Ma io sono patologico. Come ragioniere, diceva Buzzati, ragiono benissimo, e me lo faccio bastare. Al massimo chiamo ziopaolo e poi ci apriamo un bottiglia a lavoro (da lui) finito.
Ma mi pare capiti anche a tutti. Chi dei mangiatori di carne saprebbe oggi macellare una mucca?
Io certamente no: secondo me torturerei orrendamente a coltellate il povero animale per poi essere io finito da una meritatissima incornata.
Ma credo che anche ziopaolo avrebbe difficoltà. Quindi, tutti, per me.

E così tante cose. Conosco persone che non sono neanche capaci di prepararsi un risotto (modestamente, a me i miei piacciono molto). O fabbricarsi un’auto. Anche solo ripararla.
Bene, c’è una barriera che cerco di non varcare: non voglio abituare me stesso alle pigrizie dei tomtom comunque denominati. Se devo andare in un posto, me lo cerco su una cartina, me la memorizzo nella mente e poi di solito ci arrivo; dopo di che me ne vanto per delle intere mezzore, declamando il mio prodigioso senso di orientamente.
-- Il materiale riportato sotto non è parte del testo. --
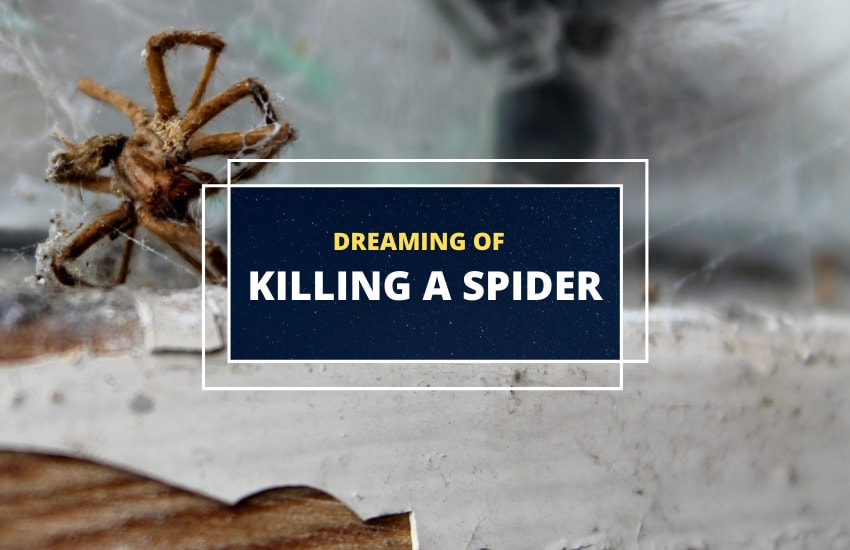 Dreams of killing a spider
Mia moglie no. Lei di gugol si fida. Sgnacca un bottone, dice un indirizzo, e il cellulare comincia coscienzioso a dire che devi tenerti a destra perché fra cinquanta metri devi andare in via gìmatteotti.
Lei dice che funziona sempre. Io sostengo, memorie alla mano, che tutte le volte che lei mi ha fatto da copilota con quel coso abbiamo finito a dire parolacce che il medesimo non ha saputo decodificare.
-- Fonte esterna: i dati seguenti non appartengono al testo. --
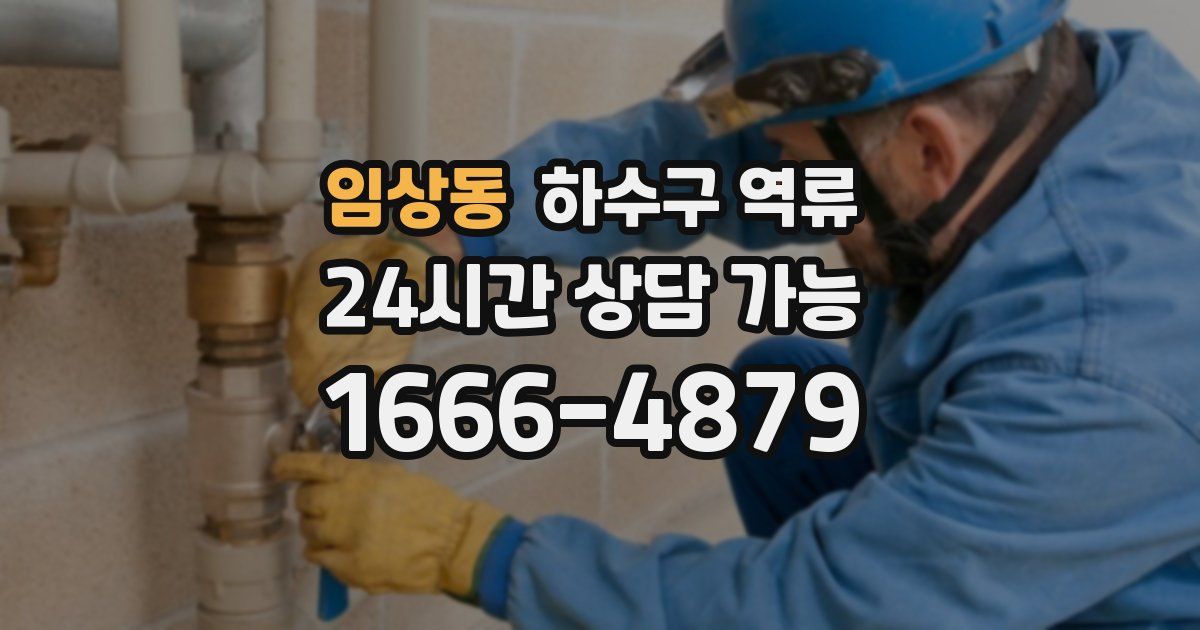 임상동 하수구 역류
Lei dice che è colpa mia. Sono troppo nervoso, farei perdere la calma a un santo, e quindi mando in confusione il cervellino di cilicio del cellulare.
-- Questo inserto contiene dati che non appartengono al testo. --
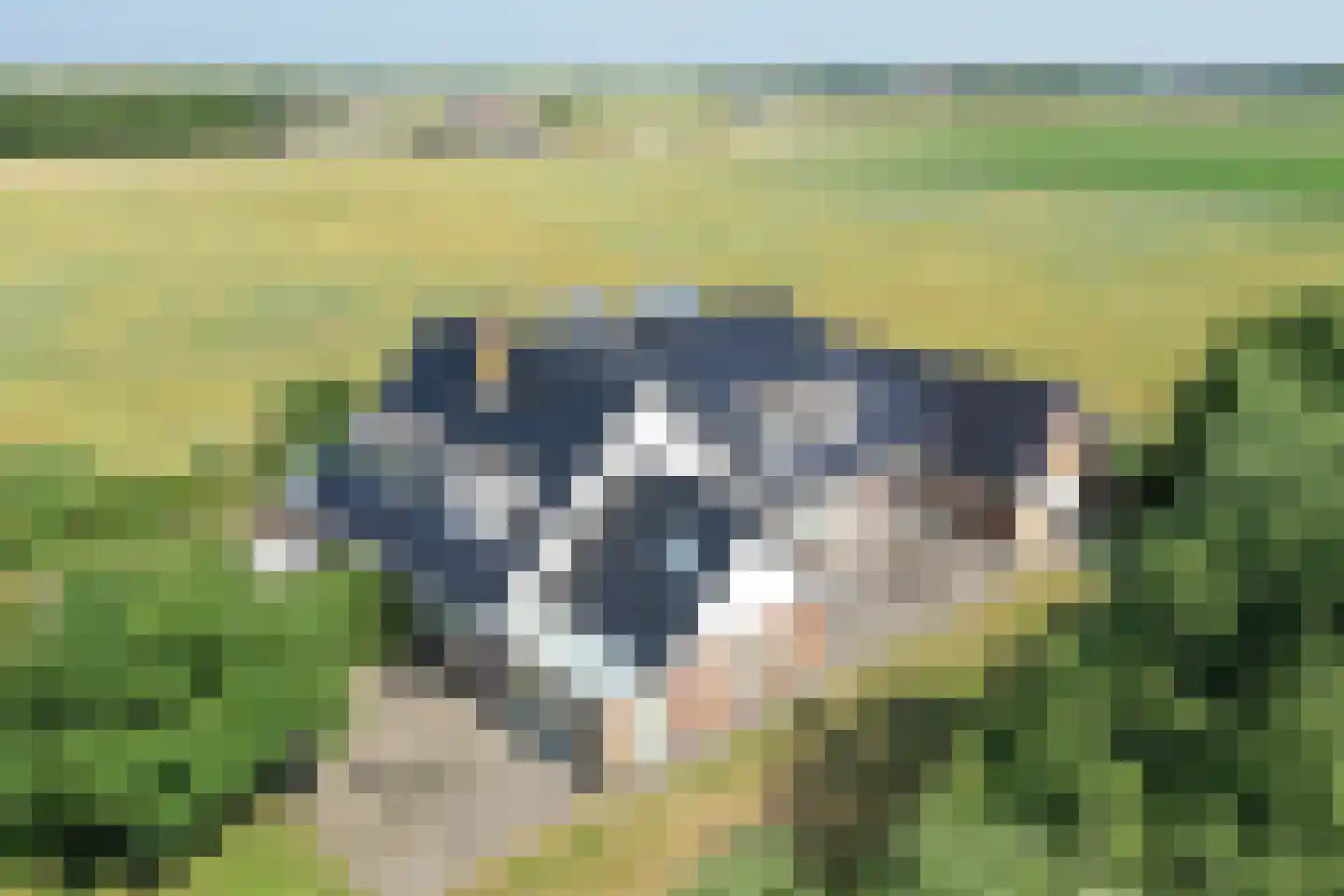 Slufterweg 221 De Cocksdorp thumbnail 45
Oggi, l’ho sfidata. Via Negarville. Dovevo tornare a San Mauro. Avevo due o tre itinerari a mente ma ho preferito chiedere al giovanotto registrato.

Volevo raggiungere la Tangenziale a Orbassano. L’avrei perdonato se mi avesse portato a Sito. Lui, invece, con l’aria di chi sa cosa fare, mi fa andare a nord.
Poi a un certo punto si allarma e mi dice che devo spostarmi tutto a sinistra e girare in via del portone.
Siccome il pandino era un po’ arzillo e rischiavo di andare oltre, me lo ripete con concitazione. Tutto a sinistra, tutto a sinistra! Per farlo devo tagliare la strada a due siluri che mi superano infischiandosene delle mie segnalazione, ma poi riesco a mettere le ruote del pandino (ancora intero) su via del Portone.
Ora, io non so quanto sia lunga, quella via. Ma molti minuti dopo ero ancora lì che la percorrevo. E della tangenziale neanche un indizio. Per una volta, non mi sono arrabbiato. Ho fatto cuocere tom nel suo ridicolo. A un certo punto, in pieno rettifilo, careggiata a senso unico, mi ordina di invertire a U. Bravo! Gli dico ironicamente. E ovviamente neanche rallento. Si rende conto che avevo ragione, e per cento metri mi fa andare in una direzione razionale. Il tempo di trovare un cartello verde “Tangenziale” a sinistra, e lui mi dice di andare a destra. Lo mando allegramente a quel paese, e smetto di obbedirgli. La tangenziale è lì a due passi.
Tiè. Ho vinto io, Tomtolone che non sei altro.